THE VIRGINIAN-PILOT Copyright (c) 1994, Landmark Communications, Inc. DATE: SUNDAY, June 26, 1994 TAG: 9406230193 SECTION: CAROLINA COAST PAGE: 50 EDITION: FINAL SOURCE: Ron Speer DATELINE: 940626 LENGTH: Medium
Most of them scoff at the idea of a sailing vacation around the Outer Banks, where they say there's more mud than water. I know that's what strangers say, because not long ago I was saying it, too.
{REST} The Chesapeake Bay was the only place for me, I thought - until I sailed the Wind Gypsy down the Pasquotank River, across the Albemarle Sound and into Roanoke Sound and Manteo.

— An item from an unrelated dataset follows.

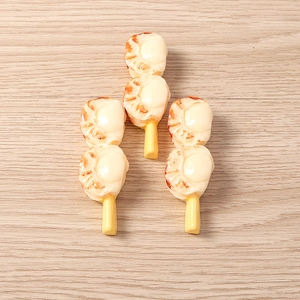 Detailed macro view of realistic resin grilled scallop skewers on wood background
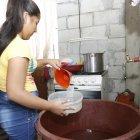  Imagen referencial. Mujer recolecta agua en un tanque para cocina.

And now I'm all for spreading the message that the Roanoke Island Business Association and the Dare County Board of Commissioners are trying to send:
Roanoke Island and other parts of the Outer Banks would make a fascinating stopover for the 8,000 or so boats that travel the Atlantic Intracoastal Waterway north in the spring and south in the fall, captains and crews spending money as they go.
I've traveled the waterway as far north as the Delaware Bay, and I have some wonderful memories of layovers at St. Michaels, the Solomons, Oxford and Crisfield in Maryland, and Onancock, Reedville, the Rappahannock and Piankatank rivers, Mobjack Bay, the Salt Ponds, and Hampton and Norfolk in Virginia.
They are wonderful places to spend a night, a week or a summer. But frankly, Manteo is every bit as charming as any of those towns. And the Outer Banks is a short day sail off the waterway which goes up the Alligator River to Elizabeth City or Coinjock.
The people are friendly, the facilities at the Manteo waterfront are superb, good restaurants are everywhere, and the beach is just over the dunes, something not offered often along the waterway.
There also are superb repair facilities for transients at Wanchese, and plenty of things for bored kids or jaded wives or weary husbands to do for a week or so while recuperating from days on the water.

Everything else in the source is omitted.